British Airways, owned by IAG, said in April it would need to axe up to 12,000 of its 42,000 staff to survive the Covid-19 pandemic and remain competitive
Thousands of British Airways staff will be sent letters telling them they have lost their jobs on Friday, as the airline pushes ahead with a plan to cut employee numbers by 29 percent in the face of bitter opposition from unions.
British Airways, owned by IAG, said in April it would need to axe up to 12,000 of its 42,000 staff to survive the Covid-19 pandemic and remain competitive.
But the plan has met fierce resistance from cabin crew union Unite which said on Friday it would also keep fighting against pay cuts for existing staff.
BA said that 6,000 employees had decided to take voluntary redundancy, while thousands of others would receive a letter in the coming days to tell them their fate.
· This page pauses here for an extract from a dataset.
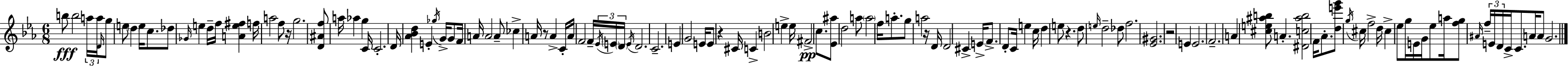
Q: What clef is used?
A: treble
Following a selection process, staff will hear whether they still have a job or not, and if they do, whether they will be required to accept a new contract or stay on their old one.
Unite has accused BA of "industrial thuggery" and it is trying to win support from lawmakers to strip BA of airport slots.
BA is currently only flying about 20 percent of its normal schedule and burning through 20 million pounds per day.
"We are having to make difficult decisions and take every possible action now to protect as many jobs as possible," a spokesman for BA said.
Rival airlines Lufthansa and Air France-KLM have also announced job cuts.
Unite, which has already threatened BA with strike action, called on the airline to offer the same deal that it has agreed with its pilots to other staff.
"We will do everything in our power to prevent compulsory redundancies and attacks on workers' wages by a boardroom with billions in the bank," Unite said in a statement.
British Airways agreed a deal last week with pilots union BALPA for a pay cut of about 20 percent and some compulsory job cuts estimated around 270.